そしてついに日本の教会を退職された牧師夫妻が来てくださることになりました。それが、2012年でした。しかしながら、体調を崩され2013年には辞職し帰国されることになってしまったのです。この道が閉ざされてしまったことで、これからどうするか、仕切り直して皆さんと主に求めることになりました。その結果、指導者を養成する必要を確認し、次の年に主に導かれた数人の方々が通信で聖書を学び訓練を受けるということになりました。通信教育があるいくつかの聖書学院、神学校の中で、これだというプログラムを役員会で確認して、学校にも問い合わせ、一時帰国した兄弟も学校を訪問し、次年度に始める準備をしていました。そして、20142月に願書を出そうとした時に、なんとその通信教育プログラムが廃止されたことが判明したのです。その時に、なぜ、と本当に困惑しました。牧師招聘も閉ざされ、通信教育の道も閉ざされ、主にMJCCはどのように進んで行ったらいいのでしょうか、と問いかけながら、その一週間を過ごしました。もう一度、神学校のホームページを検索していきました。けれども、通信講座があってもふさわしいプログラムはなかなか見つからず、半分諦めていたような時に仙台バプテスト神学校のC-BTEのサイトが目に留まり、その内容を読んでみました。

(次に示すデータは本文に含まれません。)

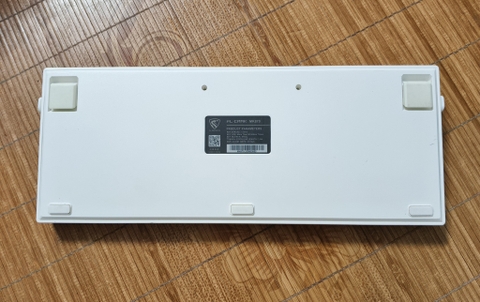 Bàn phím cơ FL Esport MK870 cũ - 001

読んでいるうちに、主がこの学びをMJCCに導かれているという思いが沸きあふれてきて、その時、実は十分な理解はできていなかったのですが、早速、MJCCの役員に、紹介しました。C-BTEに出会うために、すべての門が閉ざされたのではないか、という思いも与えられたのです。それは、とても不思議でした。しかし、その内容をもっと詳しく知るために基本原則の本を取り寄せて読んでも、誰もよく把握できませんでした。テキストを取り寄せる際にメールで交信している中、仙台バプテスト神学校校長にの森谷師ご自身が自ら直接紹介できる機会があればいいのですが、という内容があるメールをいただき、役員ともども図々しいとは思ったのですが、マニラに来ていただくことを打診したところ快く承諾してくださったのです。そして森谷先生ご夫妻を7月にお迎えし、C-BTEのパラダイムと基本原則シリーズについての概要を説明していただきました。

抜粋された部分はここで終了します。